BRIEF DESCRIPTION OF THE DRAWINGS
[0013] FIG. 1A illustrates a needle guide in accordance with
illustrative embodiments of the present disclosure;
[0014] FIG. 1B is a cross-section of what is illustrated in FIG.
1A;
[0015] FIG. 2A illustrates a needle guide comprising a plurality of
needle paths in accordance with illustrative embodiments of the
present disclosure;
[0016] FIG. 2B is a cross-section of what is illustrated in FIG.
2A;
[0017] FIG. 3 illustrates a needle guide system in accordance with
illustrative embodiments of the present disclosure; and
[0018] FIG. 4 illustrates a method of using a needle guide in
accordance with illustrative embodiments of the present
disclosure.
[0019] Like reference numbers and designations in the various
drawings indicate like elements. It should also be noted that the
accompanying drawing figures referred to herein are not all drawn
to scale, but may be exaggerated to illustrate various aspects of
the present disclosure, and in that regard, the drawing figures
should not be construed as limiting.
DETAILED DESCRIPTION
[0020] Persons skilled in the art will readily appreciate that
various aspects of the present disclosure may be realized by any
number of methods and apparatuses configured to perform the
intended functions. Stated differently, other methods and
apparatuses may be incorporated herein to perform the intended
functions. It should also be noted that the accompanying drawing
figures referred to herein are not all drawn to scale, but may be
exaggerated to illustrate various aspects of the present
disclosure, and in that regard, the drawing figures should not be
construed as limiting. Finally, although the present disclosure may
be described in connection with various principles and beliefs, the
present disclosure should not be bound by theory.
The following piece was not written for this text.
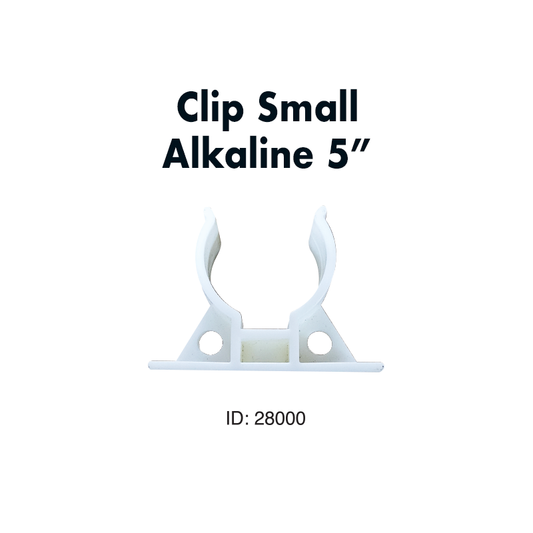 Clip Small Alkaline 5"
[0021] Illustrative embodiments of the present disclosure comprise
devices, systems and methods for improved dialysis cannulation.
[0022] In this regard, while the present disclosure may be
described primarily with reference to dialysis cannulation, the
present disclosure is not so limited. Indeed, those skilled in the
art will appreciate that the principles described herein can be
applied to other procedures requiring cannulation including, but
not limited to, central venous catheter cannulation.
[0023] As will be described in greater detail below, a needle guide
in accordance with the present disclosure can provide for a
consistent cannulation entry site, entry angle and/or depth. A
needle guide in accordance with the present disclosure can also be
configured to maintain a drug at the cannulation entry site and/or
maintain pressure at the cannulation entry site.
[0024] With reference now to FIGS. 1A and 1B, a needle guide 100 in
accordance with the present disclosure can comprise a base 110, a
cavity 120, a needle path 130, an end portion 140, and a cap
150.
[0025] Base 110 is generally configured to provide an interface for
needle guide 100 to couple to a patient's skin. In this regard,
base 110 can have a generally planar surface, or can have a surface
that substantially conforms to, or is flexibly conformable to, a
patient's skin. In other embodiments however, base 110 is
configured to provide a subdermal interface for needle guide 100 to
couple to a patient's vessel, fistula, graft or tissue surface. In
such embodiments, base 110 can have a generally planar surface, or
can have a surface that substantially conforms to a patient's
vessel, fistula, graft or tissue surface.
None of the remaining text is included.